In the U.S., the macro picture remains finely balanced. Growth expectations have edged higher, consumer sentiment improved modestly in January, and risk assets have shown a strong tendency to recover quickly after political shocks. At the same time, the underlying data are mixed. Labour-market momentum appears to be cooling, housing indicators remain soft, and inflation has stopped falling in a straight line. Core PCE inflation remains around the high-2% range, keeping the Federal Reserve cautious even as disinflation progresses. The Fed’s challenge is therefore less about whether to ease eventually and more about when and how to do so without appearing politically influenced, especially given unresolved legal and institutional uncertainty around tariffs.
Europe’s macro story remains one of fragility rather than crisis. Inflation has drifted slightly below target, but confidence indicators remain weak, and political risk, most notably in France, continues to weigh on sentiment. The ECB’s recent communications underline this tension: policy is seen as appropriately calibrated, but officials are deliberately avoiding any commitment to a specific rate path. The emphasis is on flexibility in an environment where shocks are unpredictable, and confidence is easily shaken. For now, Europe looks stuck in a low-growth equilibrium, with limited momentum to either force rapid easing or justify tighter policy.
In Japan, macro developments carry outsized global importance. Inflation has cooled but remains above target, while wage dynamics and currency volatility keep the Bank of Japan on a gradual normalisation path. The decision to call snap elections adds another layer of uncertainty, but the broader direction is clear: Japan is no longer an anchor of ultra-loose policy. Even modest adjustments there have implications for global capital flows and term premia, especially in a world already dealing with heightened geopolitical risk.
China, meanwhile, continues to stabilise without meaningfully re-accelerating. Export performance remains relatively robust, helping offset weak domestic demand, but property prices, retail sales, and fixed investment all point to ongoing structural headwinds. Recent data underline a familiar pattern: pockets of improvement in production and profits alongside persistent softness in household spending. Policymakers appear comfortable managing this balance through targeted support rather than aggressive stimulus, reinforcing the view that China’s role in the global economy is shifting from growth engine to stabiliser.

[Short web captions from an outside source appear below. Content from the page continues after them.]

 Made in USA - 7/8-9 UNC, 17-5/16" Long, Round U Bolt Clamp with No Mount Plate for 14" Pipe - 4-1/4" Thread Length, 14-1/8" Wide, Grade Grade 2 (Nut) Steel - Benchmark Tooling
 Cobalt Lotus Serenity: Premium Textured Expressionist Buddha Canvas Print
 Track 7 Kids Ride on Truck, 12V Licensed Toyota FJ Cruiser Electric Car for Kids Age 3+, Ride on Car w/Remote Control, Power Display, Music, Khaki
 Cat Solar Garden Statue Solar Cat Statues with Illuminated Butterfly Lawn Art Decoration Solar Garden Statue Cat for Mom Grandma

Bottom line: despite an unusually heavy geopolitical overlay, the macro environment remains surprisingly resilient. Growth is holding up, inflation is easing only gradually, and central banks are broadly in a wait-and-see mode. Markets have learned to fade extreme political headlines, but each episode leaves a residue of uncertainty. The risk is not an imminent macro breakdown, but a slow accumulation of confidence shocks that could eventually weigh on investment, trade, and financial conditions if policy volatility becomes the norm rather than the exception.
Rates
Global rates markets are settling into a more cautious holding pattern after last week’s sharp repricing at the long end. Volatility has eased, geopolitical risks have faded into the background, and investor attention has shifted back toward central bank communication, policy sequencing, and supply dynamics rather than outright yield direction.

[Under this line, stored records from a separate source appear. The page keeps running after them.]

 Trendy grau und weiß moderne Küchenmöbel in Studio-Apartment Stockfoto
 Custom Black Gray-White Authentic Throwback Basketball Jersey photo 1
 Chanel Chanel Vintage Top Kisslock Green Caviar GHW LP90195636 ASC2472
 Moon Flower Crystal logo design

The U.S. 10Y yield broke out of its recent consolidation range around 4.1–4.2%, moving above its 200-day moving average and briefly reaching about 4.3% intraday. The Federal Reserve is expected to keep policy unchanged at 3.50%–3.75%, and front-end pricing continues to centre on a July rate cut as the base case. The yield curve remains modestly inverted, reflecting confidence in disinflation alongside lingering uncertainty around labour-market momentum. Near-term focus will be on 2-, 5-, and 7-year auctions, which should test demand in the belly of the curve amid elevated issuance.

Japan remains the key global driver of duration risk. Japanese Government Bond yields continue to draw scrutiny following last week’s historic long-end selloff, which pushed the 10-year JGB to its highest level since 1999 and exposed thin liquidity in ultra-long maturities. Political uncertainty, discussions of food tax cuts, and concerns about debt levels above 230% of GDP have raised questions about fiscal credibility. While scheduled BOJ bond purchases and heavy Ministry of Finance issuance, including ultra-long bonds, aim to maintain orderly conditions, Japan’s gradual exit from ultra-loose policy continues to exert global term-premium pressure.

In Europe, rates remain range-bound as the European Central Bank stays firmly in wait-and-see mode. Despite some internal dovish discussion, policymakers have emphasised flexibility and refrained from signalling a clear easing bias. With inflation near target and growth subdued, markets expect policy to remain broadly stable through much of the year.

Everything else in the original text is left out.